The first form is especially useful because it has the shape of $y = mx + b$, which connects directly to graphical analysis.

Application of the First-Order Rate Law

Once you know $k$ and $[A]_0$, you can find the concentration of A at any time $t$. Start with:

$\ln[A] = -kt + \ln[A]_0$

Plug in your known values for $k$, $t$, and $[A]_0$, then solve for $\ln[A]$. To get $[A]$ itself, exponentiate both sides:

$[A] = [A]_0 \, e^{-kt}$

This exponential form makes it clear that first-order reactions show exponential decay. The concentration drops quickly at first, then tapers off as less reactant remains.

Example: Suppose $[A]_0 = 0.80 \, M$ and $k = 0.045 \, s^{-1}$. To find $[A]$ at $t = 10 \, s$:

$[A] = 0.80 \, e^{-(0.045)(10)} = 0.80 \, e^{-0.45} = 0.80 \times 0.638 = 0.51 \, M$

You can also rearrange to solve for $t$ if you know the starting and final concentrations.

Characteristics in ln(Concentration) vs. Time Plots

Because $\ln[A] = -kt + \ln[A]_0$ has the form $y = mx + b$, a plot of $\ln[A]$ versus time produces a straight line if the reaction is first-order.

• The slope of that line equals $-k$
• The y-intercept equals $\ln[A]_0$

This is the primary graphical test for first-order kinetics. If you plot your data and the $\ln[A]$ vs. time graph is linear, you've confirmed first-order behavior. If it curves, the reaction follows a different order, and you'd need to test second-order or zero-order plots instead.

Rate Constant Calculation from Data

To determine $k$ experimentally:

1. Collect concentration vs. time data for the reaction.
2. Calculate $\ln[A]$ for each data point.
3. Plot $\ln[A]$ on the y-axis versus time on the x-axis.
4. Check whether the plot is linear. If it is, the reaction is first-order.
5. Find the slope of the best-fit line. The rate constant is the negative of that slope:

$k = -\text{slope}$

You can calculate the slope from any two points on the line using $\frac{\Delta(\ln[A])}{\Delta t}$, though a linear regression across all data points gives a more reliable result.

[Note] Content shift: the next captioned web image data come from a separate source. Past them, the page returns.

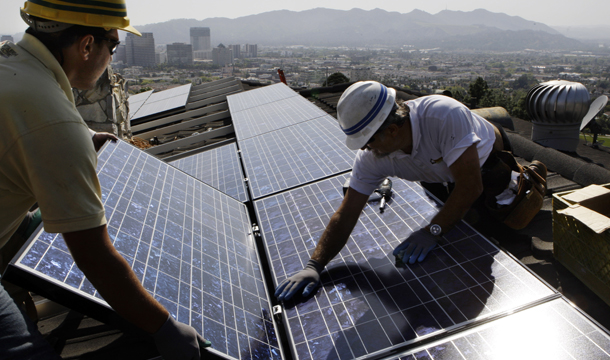 Two employees of California Green Design install solar panels on the roof of a home in Glendale, California. The 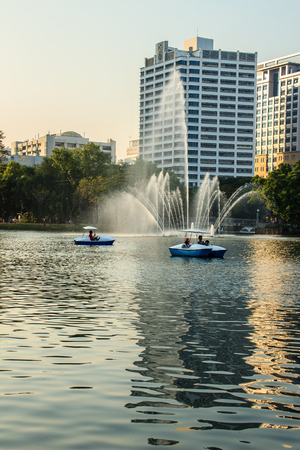 Beautiful fountains in the lake at Lumpini Park, Bangkok Thailand. Tranquil public park garden with pond, fountain, and boats in the middle of the city for people on holiday or after work leisured.のeditorial素材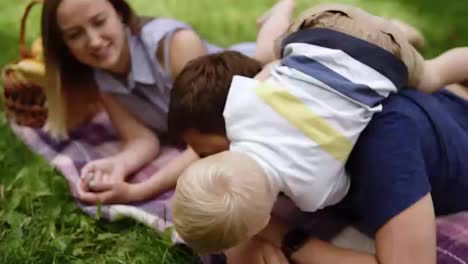 Caucasian-couple-have-a-good-time-oudoors-with-their-son.-Lying-on-a-plaid-in-the-park.-Picnic.-Father-plays-with-the-son.-Embrace,-kissing-him,-play-a-game.-Close-up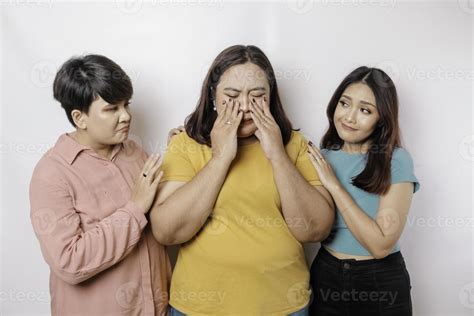 A portrait of three friends looking sad crying wiped her tears and hug ...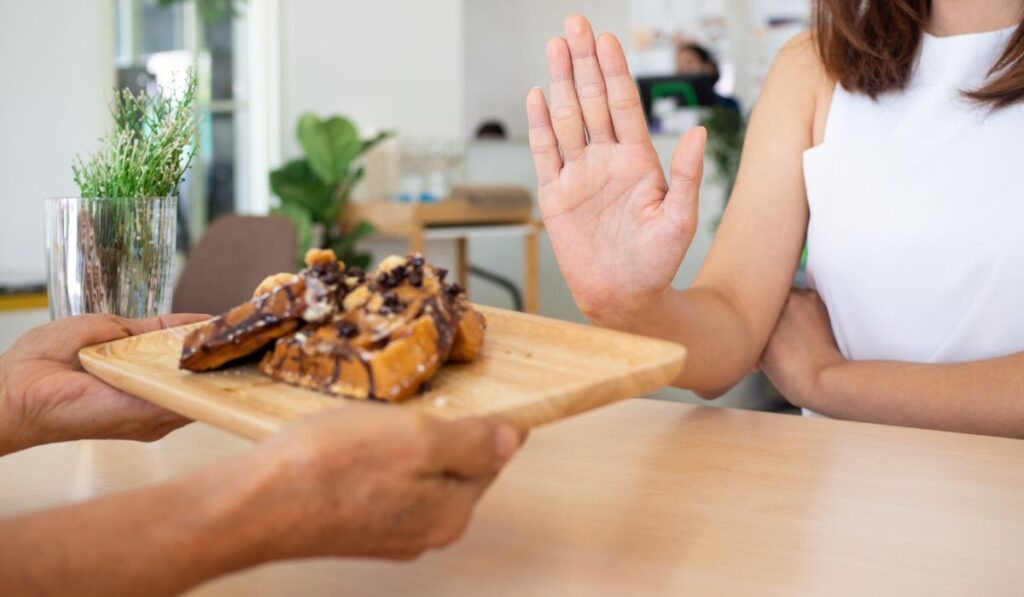 Woman in white shirt putting hand out to push away plate of waffles being handed to her.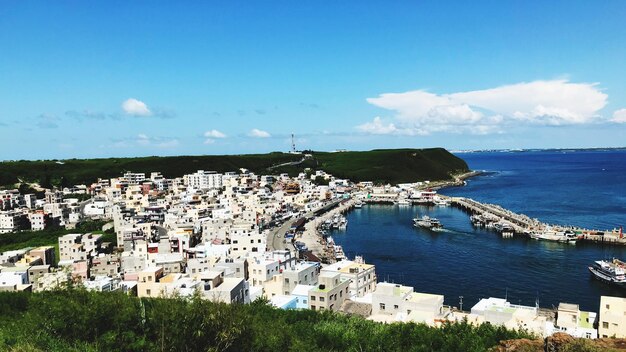 High angle view of townscape by sea against sky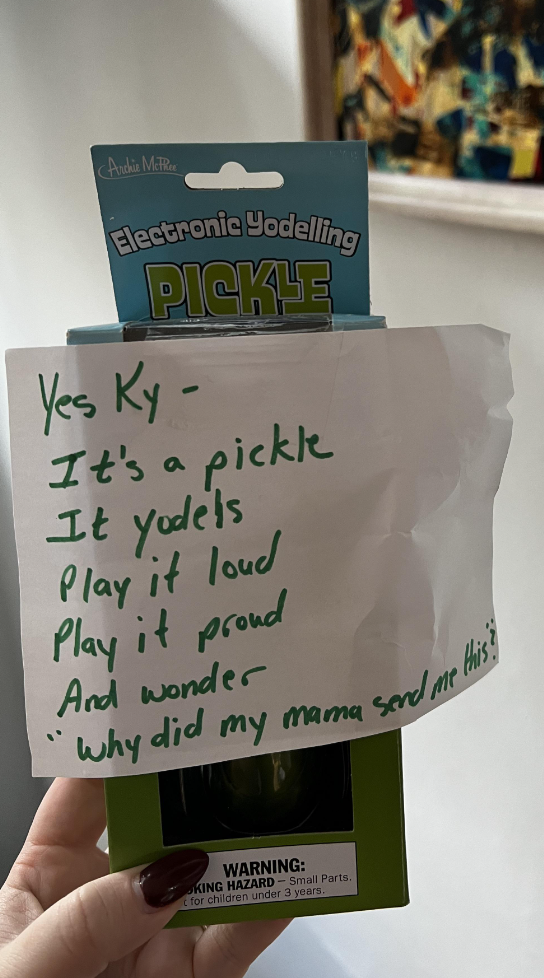 A yodeling pickle with a note from mom
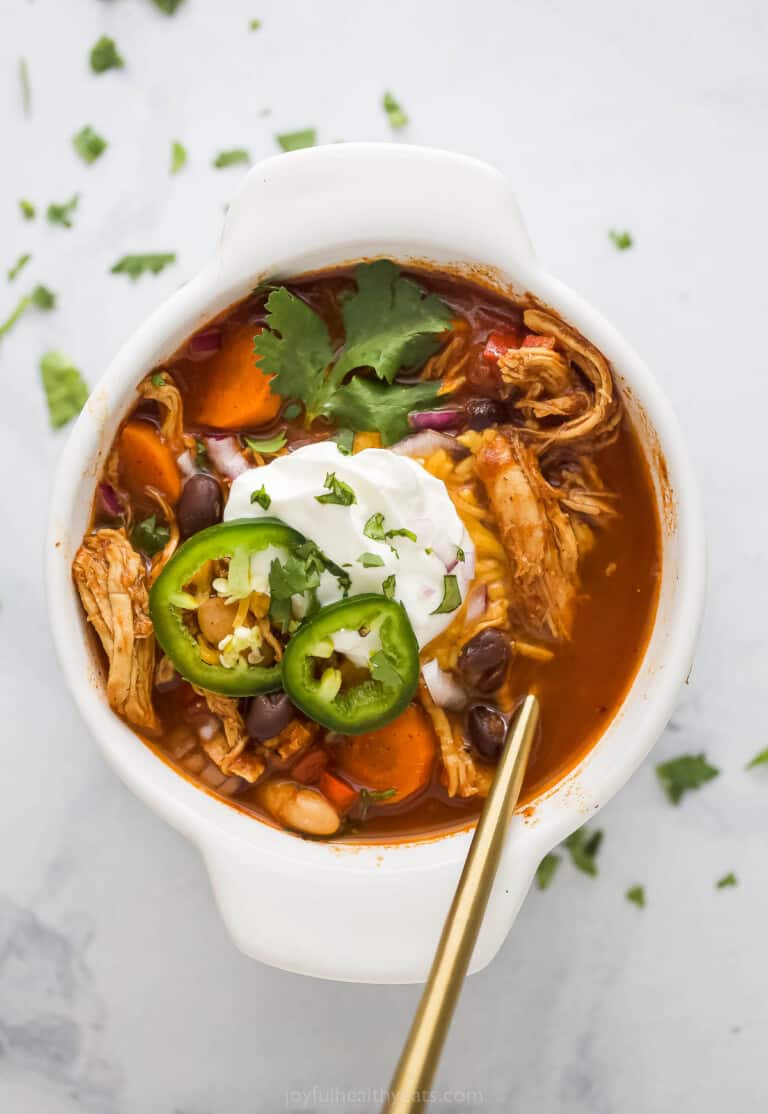 Smoky chicken chili in a white bowl topped with sour cream.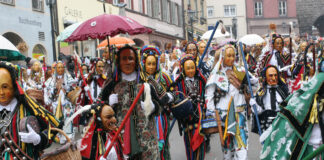 Ein traditioneller Faschingsumzug mit Maskierten und kostümierten Teilnehmern.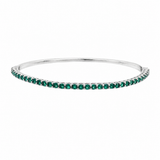 Elegant slim tennis bangle bracelet with sparkling colored CZ stones. Stackable minimalist design available in multiple color options for everyday luxury styling.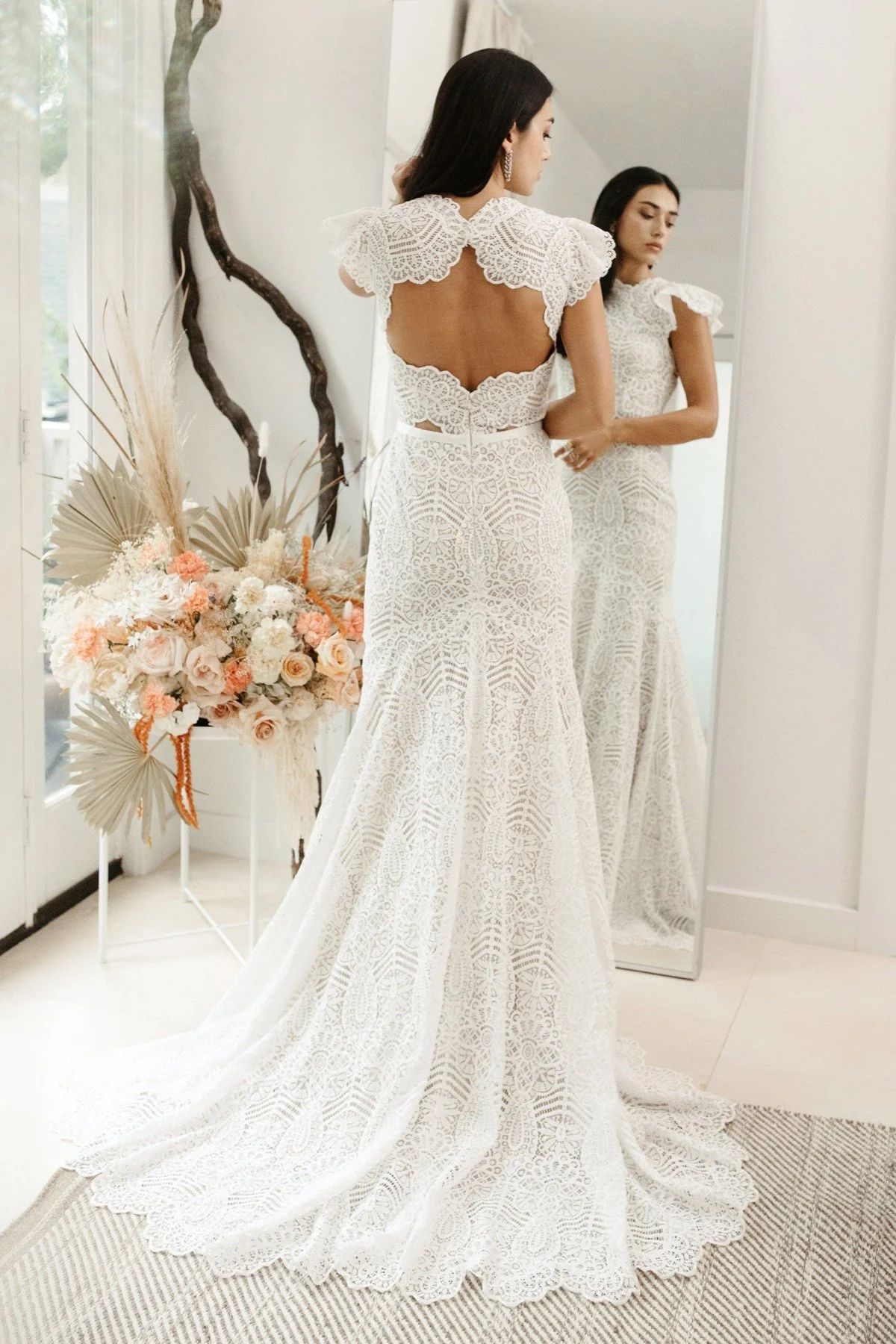 Willowby Cosette 56103 fit-and-flare wedding dress with Aspen lace, ruffle sleeves, open back, and fluted skirt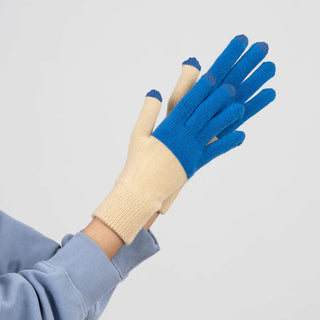 Hand wearing beige and blue gloves with touch screen tips on a light gray background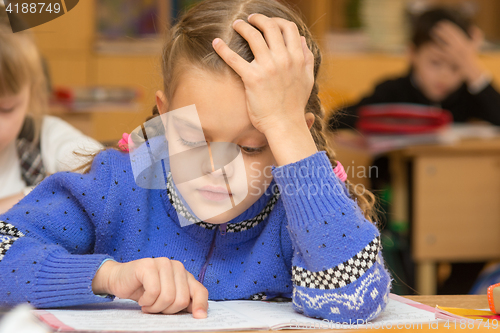 Image of First-grader at a lesson reads the text, running his finger along the lines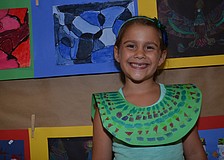 Six-year-old Isabella Andraed shows off her Egyptian-style paper necklace.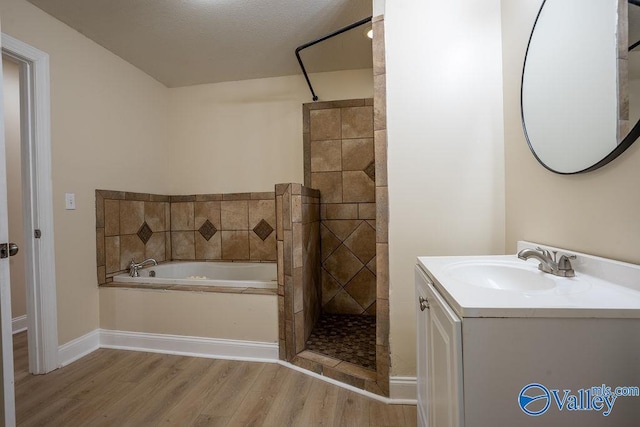full bath featuring wood finished floors, vanity, baseboards, a tile shower, and a bath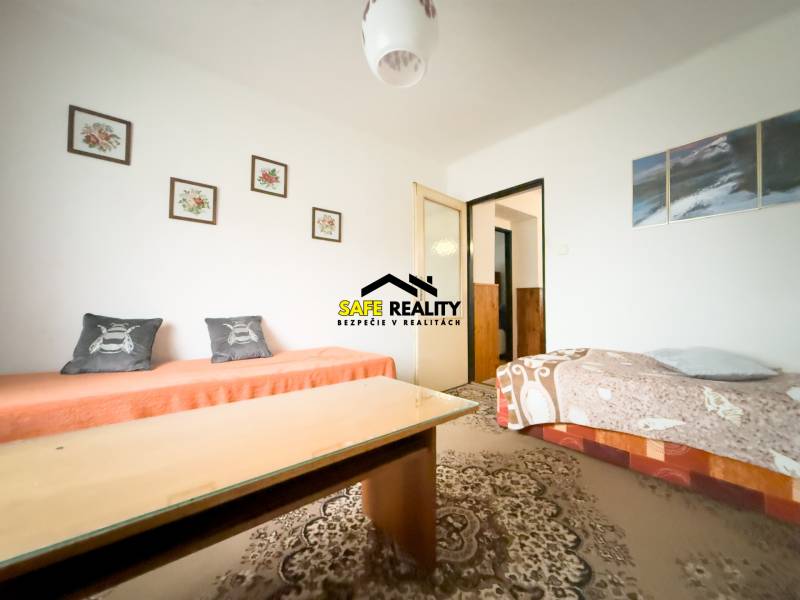 Rodinný dom s veľkým pozemkom v obci Sklené,  - Obývacia izba v rodinnom dome s kobercom a kresbami na stene.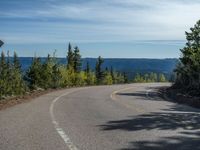 the mountains are visible in the distance from this wide, empty road, overlooking a wide landscape and forest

Half-Life for First-Order Reactions

The half-life ($t_{1/2}$) is the time it takes for the reactant concentration to drop to half its current value. For first-order reactions, you can derive it by setting $[A] = \frac{[A]_0}{2}$ in the integrated rate law:

$\ln\frac{[A]_0 / 2}{[A]_0} = -kt_{1/2}$

$\ln\frac{1}{2} = -kt_{1/2}$

$t_{1/2} = \frac{\ln 2}{k} = \frac{0.693}{k}$

Notice that $[A]_0$ canceled out entirely. This means the half-life of a first-order reaction is constant regardless of how much reactant you start with. Whether you begin with 1.0 M or 0.01 M, it takes the same amount of time to lose half. This constant half-life is a signature feature of first-order kinetics and is the same principle behind radioactive decay.

You can also rearrange to find $k$ from a known half-life:

$k = \frac{0.693}{t_{1/2}}$

This relationship gives you a quick way to convert between $k$ and $t_{1/2}$ without needing concentration data at all.